HKFP Opinion Piece: Hong Kong National Security Education Day: What makes a nation worth securing?

Some US policies fail the test, while China offers moderate material prosperity. But justice-seekers are unlikely to be convinced, writes Chris Maden on National Security Education Day.

The physicist Richard Feynman was once asked by a US Congressional defence committee what the latest multi-billion dollar atom smasher had to do with defence of the nation, from whose budget it was to be built. “It may make the nation worth defending,” he replied. Today, on Hong Kong’s National Security Education Day, it is perhaps worth pausing to consider what makes a nation – any nation – worth securing.

National security law
File Photo: GovHK.

First, a confession. I’m not a great believer in nationhood. To me, it’s a dated concept, something which cropped up in Europe during the Hundred Years’ War, which served a somewhat useful purpose in keeping Europe at peace during the colonial era – freeing Europeans to plunder the rest of the world – but which is now past its sell-by date. The problems we face as a species go far beyond what any single nation can hope to achieve and, more often than not, the vested interests of nationhood obstruct solutions to those problems.
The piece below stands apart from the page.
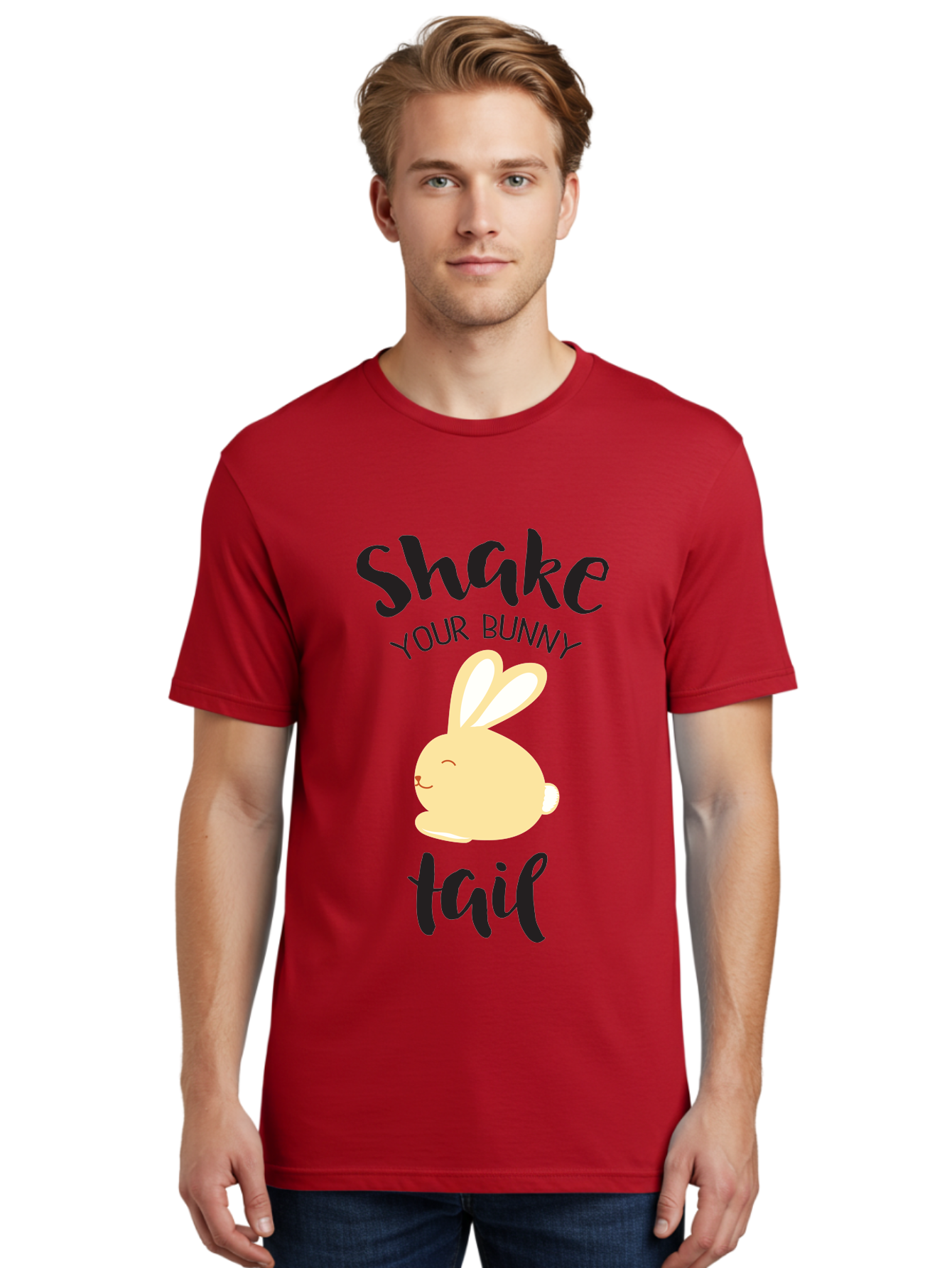 Shake-Your-Bunny-Tail Men'S Graphic Tee, 100% Cotton, Comfortable Casual Summer Wear, Machine Washable, Funny Bunny Graphic, Cute Cartoon Rabbit, Easter-Themed Design, Humorous Phrase, Shake Your Bunny Tail, Yellow Bunny Illustration, Aad151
The oceans are a classic case where nations and national interests are part of the problem, not the solution. Over-fishing has decimated fish stocks everywhere. Just about every species of fish that we humans eat has seen populations plummet by as much as 97 per cent since the 1970s – the bluefin tuna is endangered and sharks are not far behind. Yet, instead of coming together as the human race to find ways of giving our oceans a breather, Japan continues to plunder bluefin tuna (and – why, oh why? – whales). China goes after sharks, and the Dutch have even invented a boat that delivers electric shocks to the seabed – a football-field sized area at a time – in order to flip flounders out of the mud and annihilate everything else.

Narrow national interests such as these, supported by the tired old “It’s part of our culture” excuse (so were torture and slavery – we learn and move on), hinder efforts to leave the world a better place for our children. How can nations ask for sacrifice when their actions on so many global problems not only leave a worse legacy, but are set to bequeath a torched Planet Earth?

However, nations are not going away any time soon, so the issue is how to make the best of them. What in general would make a nation worth securing? Or, to put it a different way, how could a nation conduct itself in such a way that a rational self-interested person would accept some sacrifice on behalf of his or her country?

Chinese military officers PLA Army troops war
Chinese military officers. Photo: Luther Bailey via Flickr.

A good starting point, as I’ve suggested, is to set aside national interests when it comes to global problems. Utopian, I suppose, so let’s start with the obvious: wars of aggression. There was a time when these were part of the rough and tumble of life; it’s what we humans did as a species. There was little or no need to apologise for starting one. You borrowed some money, raised an army and set off to plunder. If you did well, you plundered more than you borrowed; if you did badly, you probably didn’t come back so it didn’t much matter.